Before starting our discussion about initialization, it should be noted that there exist many very good blog posts about the topic of neural network initialization (for example deeplearning.ai, or a more math-focused blog post). In case something remains unclear after this tutorial, we recommend skimming through these blog posts as well.

When initializing a neural network, there are a few properties we would like to have. First, the variance of the input should be propagated through the model to the last layer, so that we have a similar standard deviation for the output neurons. If the variance would vanish the deeper we go in our model, it becomes much harder to optimize the model as the input to the next layer is basically a single constant value. Similarly, if the variance increases, it is likely to explode (i.e. head to infinity) the deeper we design our model. The second property we look out for in initialization techniques is a gradient distribution with equal variance across layers. If the first layer receives much smaller gradients than the last layer, we will have difficulties in choosing an appropriate learning rate.

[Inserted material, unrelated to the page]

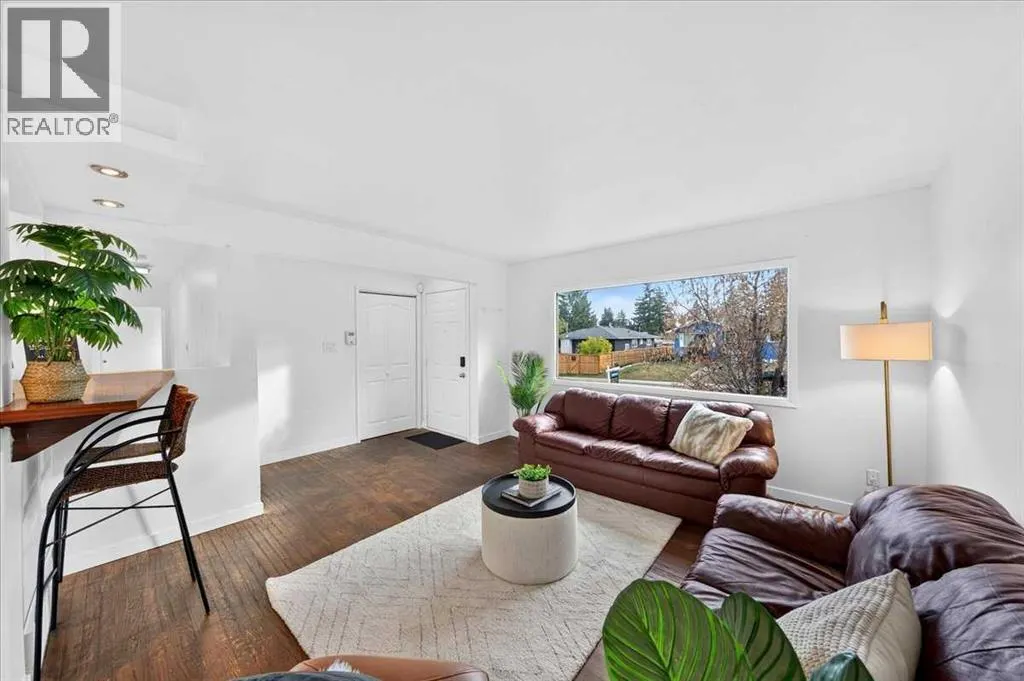 8 Hogarth Crescent SW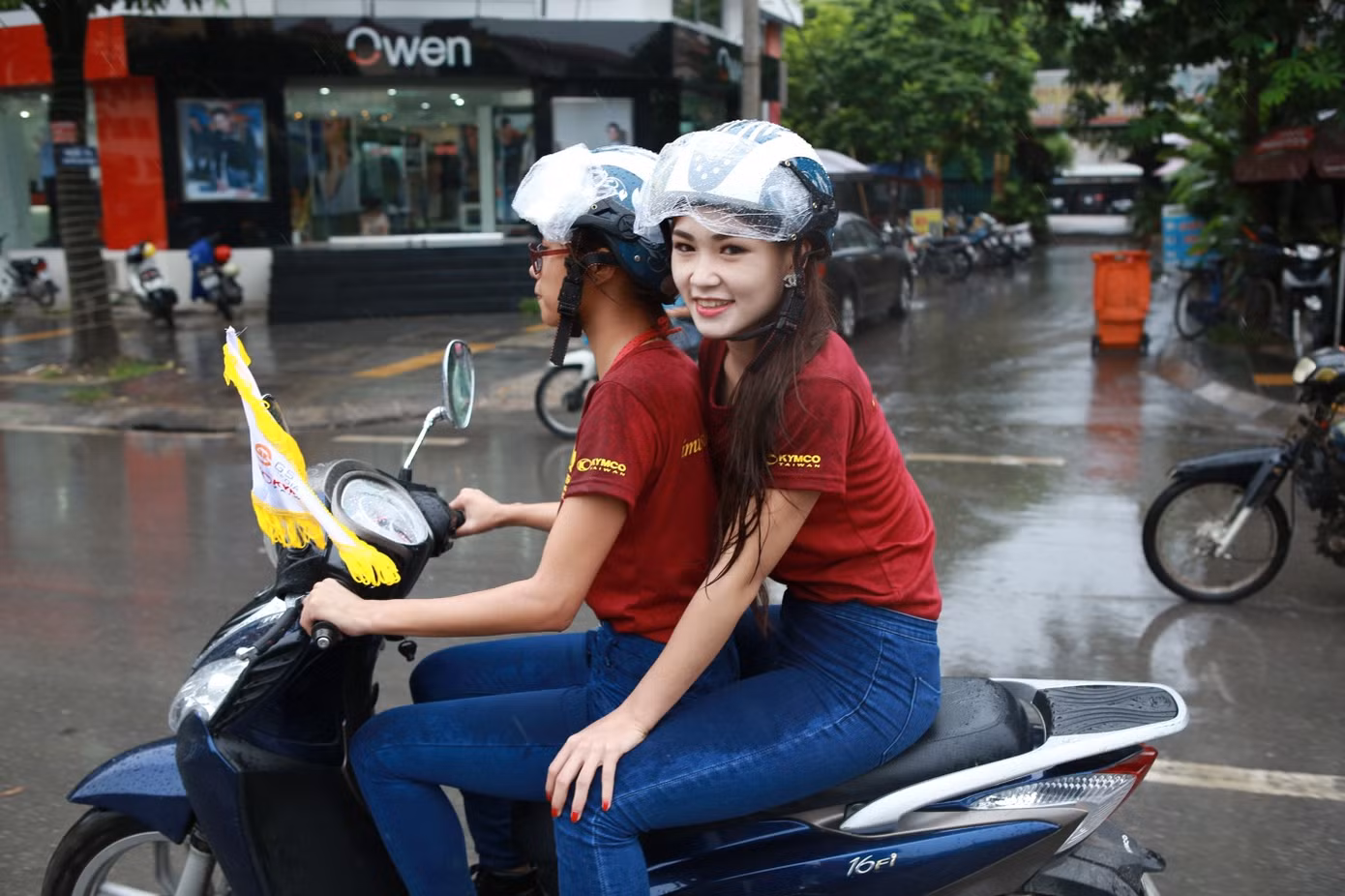 Thí sinh Phạm Thị Hà tươi tắn khi tham gia giao thông Thí sinh tham gia giao thông nghiêm túc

As a starting point for finding a good method, we will analyze different initialization based on our linear neural network with no activation function (i.e. an identity). We do this because initializations depend on the specific activation function used in the network, and we can adjust the initialization schemes later on for our specific choice.

[12]:

model = BaseNetwork(act_fn=Identity()).to(device)


### Constant initialization¶

The first initialization we can consider is to initialize all weights with the same constant value. Intuitively, setting all weights to zero is not a good idea as the propagated gradient will be zero. However, what happens if we set all weights to a value slightly larger or smaller than 0? To find out, we can implement a function for setting all parameters below and visualize the gradients.

[13]:

def const_init(model, fill=0.0):
for name, param in model.named_parameters():
param.data.fill_(fill)

const_init(model, fill=0.005)
visualize_activations(model, print_variance=True)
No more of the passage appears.